Work instruction
Below are entries with pictures among them; reproduce exactly, and only, the lines from the one containing "So we're going" down to the one containing "This is what", without the pictures.

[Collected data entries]
===============
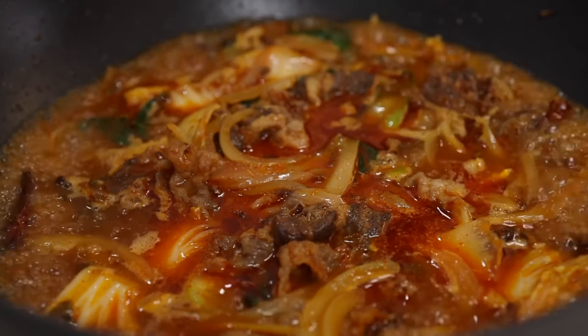While the soup is going, let's prepare the noodles. Add your noodles in boiling water and cook according to the package instructions. I'm using wheat noodles called 중화면 or 짜장면 noodles, but you can use almost any Asian wheat noodles — or even serve it with rice. Feel free to experiment with your favorite. When the noodles are cooked, give them a quick rinse to make them more chewy, then put them back in the cooking water. Shake off the excess water and divide them into serving bowls.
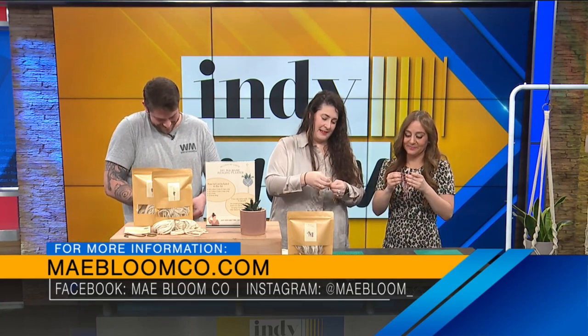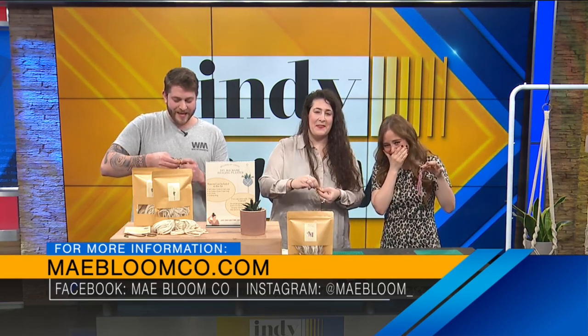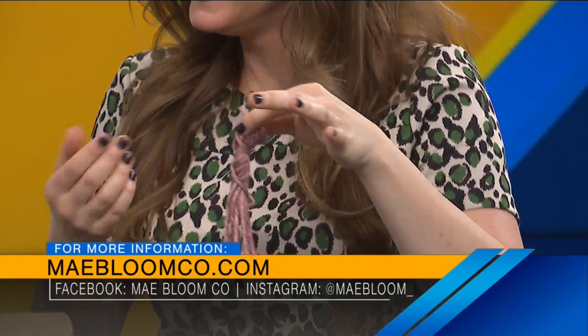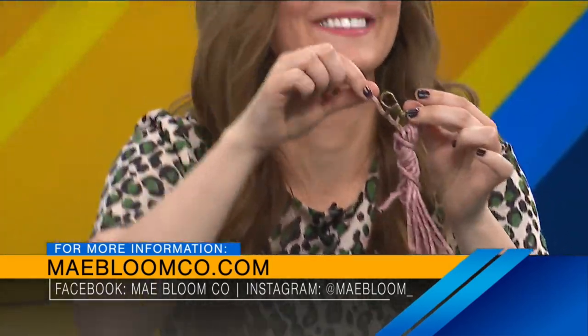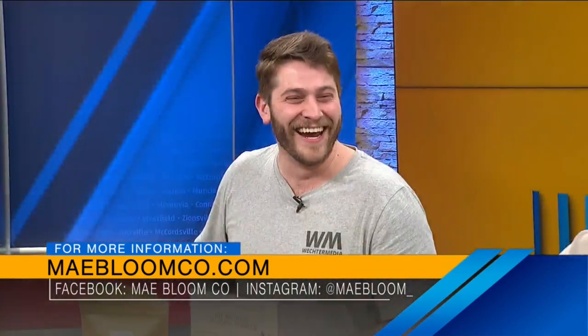So we're going to take the loose string that we have at the bottom, and it's going to go through the loop that we made in the beginning. Well, good thing mine's gigantic. I don't know that Jillian's is going to be quite the end result, but we will get there. And then you're going to pull the top string to kind of pull the knot through — not all the way. It's looking so good, Jillian. He's a hype man for all.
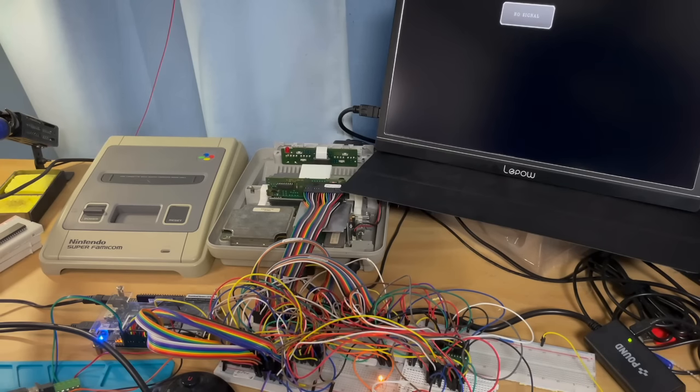Hi, my name's Ben Carter, and I wanted to do a brief video to talk about a little project I've been working on for a while now as an exercise in learning Verilog and FPGA design.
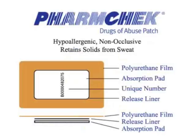This is what the FarmCheck patch looks like. The top layer of the FarmCheck sweat patch consists of a transparent covering. This covering is held to the skin by a hypoallergenic adhesive. The covering and the adhesive are manufactured by 3M, similar to the adhesive on bandages currently used in hospitals. Under the transparent covering is an absorption pad — the portion of the FarmCheck sweat patch that collects the sweat components and is tested by the laboratory for the presence of drugs of abuse.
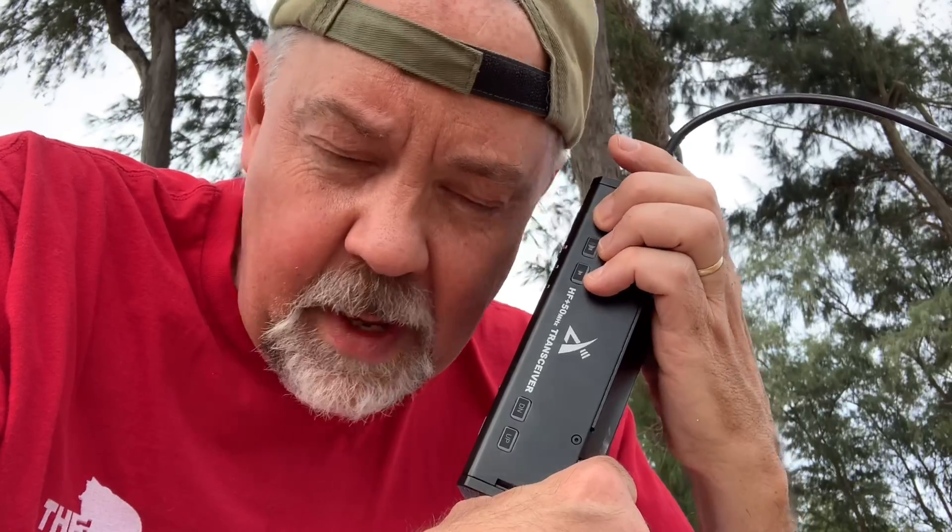I've got my little Xiegu X5105 5-watt. I love this radio. I've made some transatlantic, trans-pacific 5-watt QRP contacts with this thing. What I like about it is it's got a self-contained battery — everything's right here. So for truly when things hit the fan and things are bad, this would be a great thing to have because I could charge it with a solar panel or solar charger. The battery lasts quite a while. It's BNC and I just put a little PL-259 adapter on it.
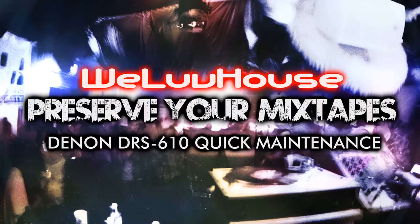We love Harst with Matlock. Preserve your mixtapes with the Denon DR-S610.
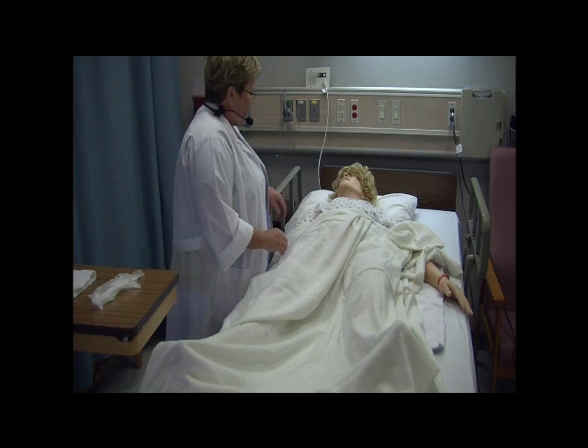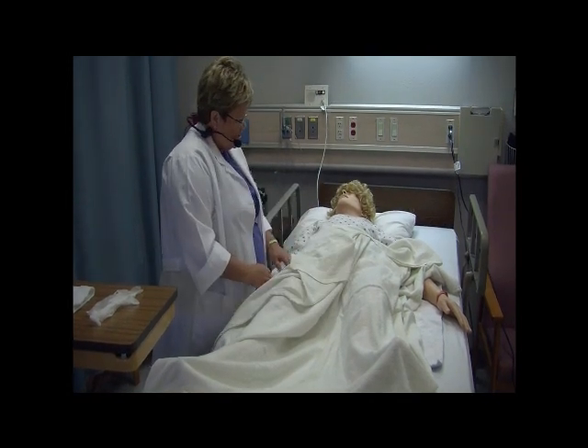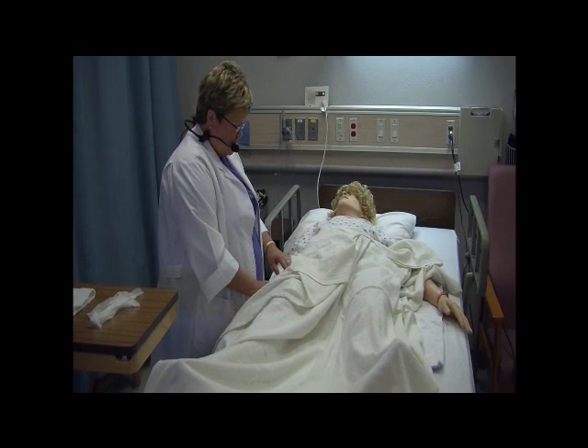Ms. Green, my name is Stephanie Guy. I'm your nurse today. The doctor's written some orders for you. Before we get started, will you state your name and date of birth, please?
===============
Result for this task
So we're going to take the loose string that we have at the bottom, and it's going to go through the loop that we made in the beginning. Well, good thing mine's gigantic. I don't know that Jillian's is going to be quite the end result, but we will get there. And then you're going to pull the top string to kind of pull the knot through — not all the way. It's looking so good, Jillian. He's a hype man for all.
Hi, my name's Ben Carter, and I wanted to do a brief video to talk about a little project I've been working on for a while now as an exercise in learning Verilog and FPGA design.
This is what the FarmCheck patch looks like. The top layer of the FarmCheck sweat patch consists of a transparent covering. This covering is held to the skin by a hypoallergenic adhesive. The covering and the adhesive are manufactured by 3M, similar to the adhesive on bandages currently used in hospitals. Under the transparent covering is an absorption pad — the portion of the FarmCheck sweat patch that collects the sweat components and is tested by the laboratory for the presence of drugs of abuse.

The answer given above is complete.